In the library world, we spend a lot of time guessing what will be the next big thing… we’ve been moving away from vampires (oh so slowly) and more heavily towards steampunk and dystopian fiction. Supernatural romance is still going strong, but we’re seeing more alternatives, including werewolves, faeries, zombies, and angels. Rebecca Guay’s A Flight of Angels brings together an assortment of stories that explore the celestial beings from several different perspectives, each with its own unique voice and artistic style.
The collection features five stories and a frame – a wounded angel has fallen deep in the woods, only to be found by a group of faeries. They hold a tribunal to decide his fate – should they aid, ignore, or kill him? Every faerie has a story to tell, but no one truly knows the nature of angels. Are they guardians or killers? Righteous soldiers or the ideal lover? And what, exactly, is their relationship with the fae-folk? The tribunal’s stories imagine several different facets of angels; there’s a retelling of Adam and Eve, a chance meeting in a bar with an angel who’s part of weapons development, a woman hiding from an angel of death, a clumsy serving girl who’s attracted the attention of an angel, and the fall of Lucifer as a sort of creation story. The tribunal comes to a surprising ending, leaving us to wonder just how much truth was in the tales.
The five stories are written by accomplished writers in both the world of comics and prose literature: Holly Black, Louise Hawes, Todd Mitchell, Alisa Kwitney, and Bill Willingham. As is the case with most collections, some stories are stronger than others. Hawes’s “Original Sin,” a different take on Adam and Eve’s departure from Eden, contains some of the most breathtaking art and stands well on its own literary merits. Readers will enjoy the twist on the serpent and who took the first bite.

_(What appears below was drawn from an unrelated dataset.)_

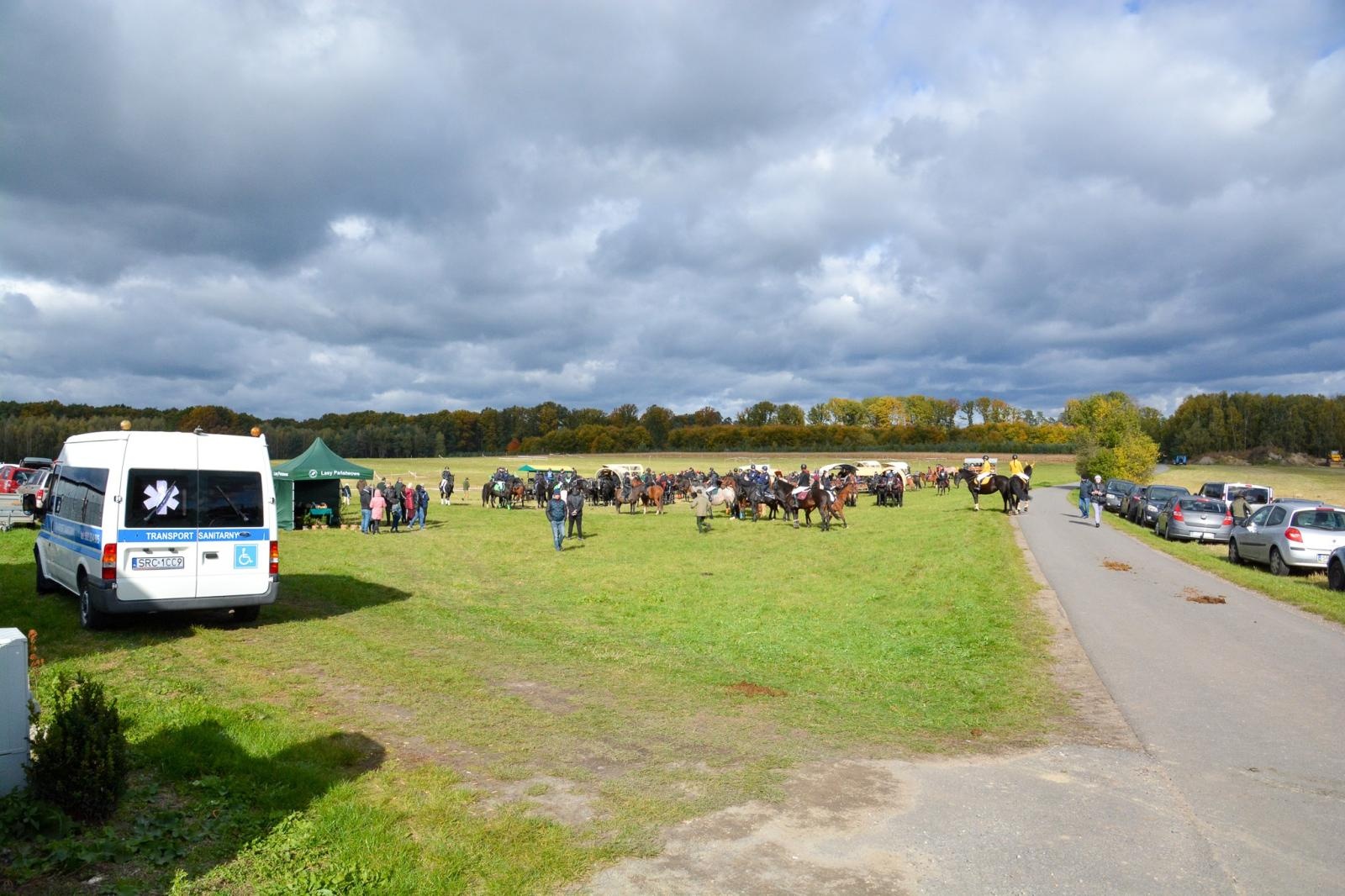 Zdjęcie w galerii na portalu naszraciborz.pl: Hubertus w Kornowacu – jeźdźcy, tradycja i dobra zabawa [FOTO i WIDEO] wiadomości z regionu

Willingham’s “Story Within the Story Within” is perhaps the most intriguing of the bunch, though the tone and setting jar with the rest of the work. It’s told in a more current setting, as a sort of confessional by an angel who’s been working on the escalating war between Heaven and Hell. His contribution is engaging in a way that many of the other stories aren’t able to match; the characters are well-defined and the politics of Heaven are fleshed out. The pacing in other works is often muddled, either moving too slowly or condensing parts that would’ve been better served with a few additional pages.
Guay’s art is the real attraction here. Her watercolors and oils are stunning, giving the book a classical feel. Each story gets its own unique style, all of them beautiful and fitting for the content. It’s tempting to reread the work just to bask in Guay’s drawings. While the five stories are told in vivid, lush colors, the frame is illustrated using a monochrome palette, lending it a certain timeless quality.

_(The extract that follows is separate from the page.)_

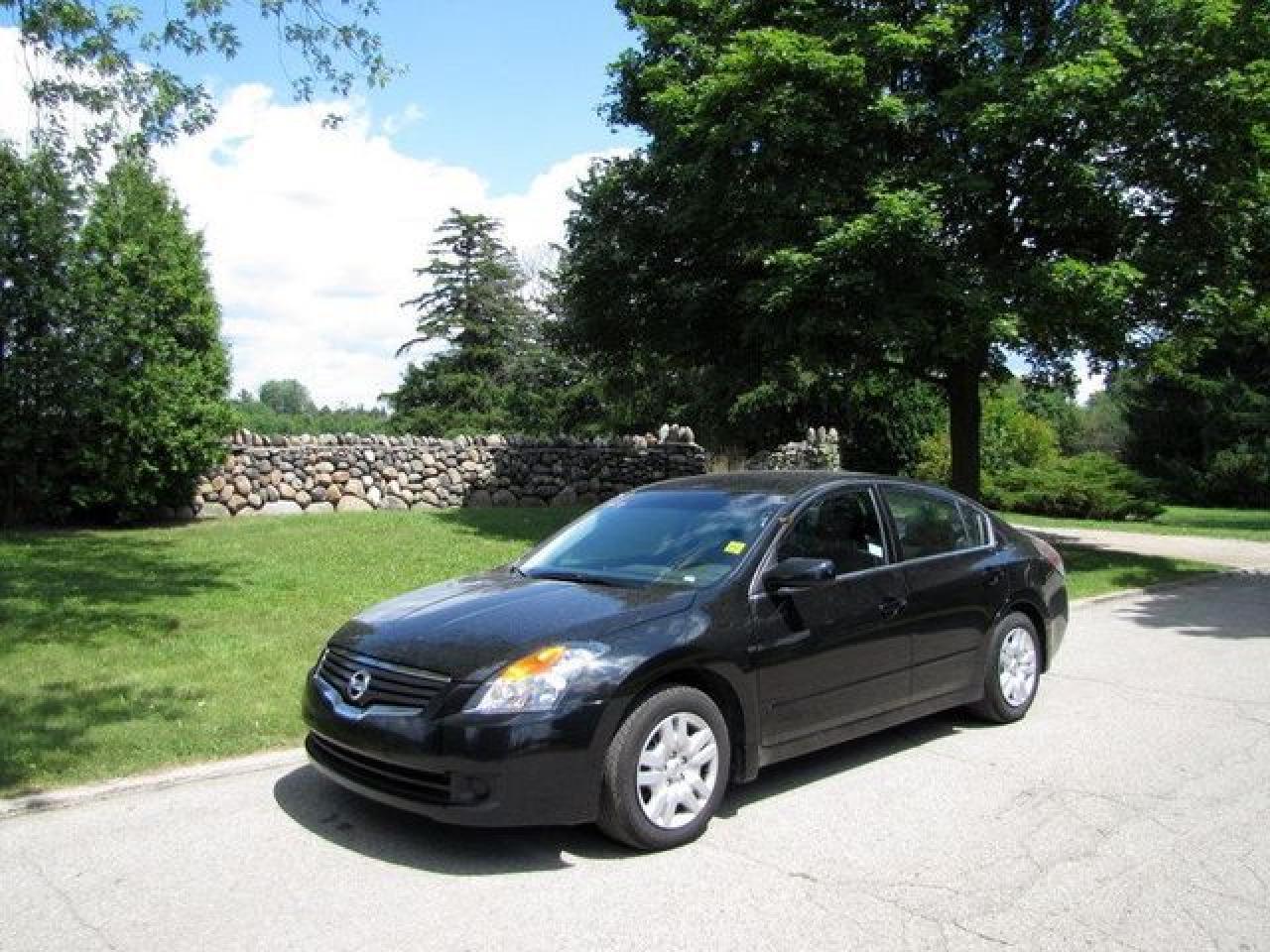 Used 2009 Nissan Altima S 2.5  LOADED! Sedan for sale in Guelph, ON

Fans of angel lore may enjoy this offering. While the book is about a religious topic – how do you write about angels without religion coming in to question? – the writers and Guay manage to stay away from preachiness. This feels more like a collection of myths and folktales, rather than a faith-based text. The art outshines the storytelling, which may leave many readers unsatisfied with the collection. A short page count, abrupt ending, and uneven writing may outweigh the value of the gorgeous art and stronger stories.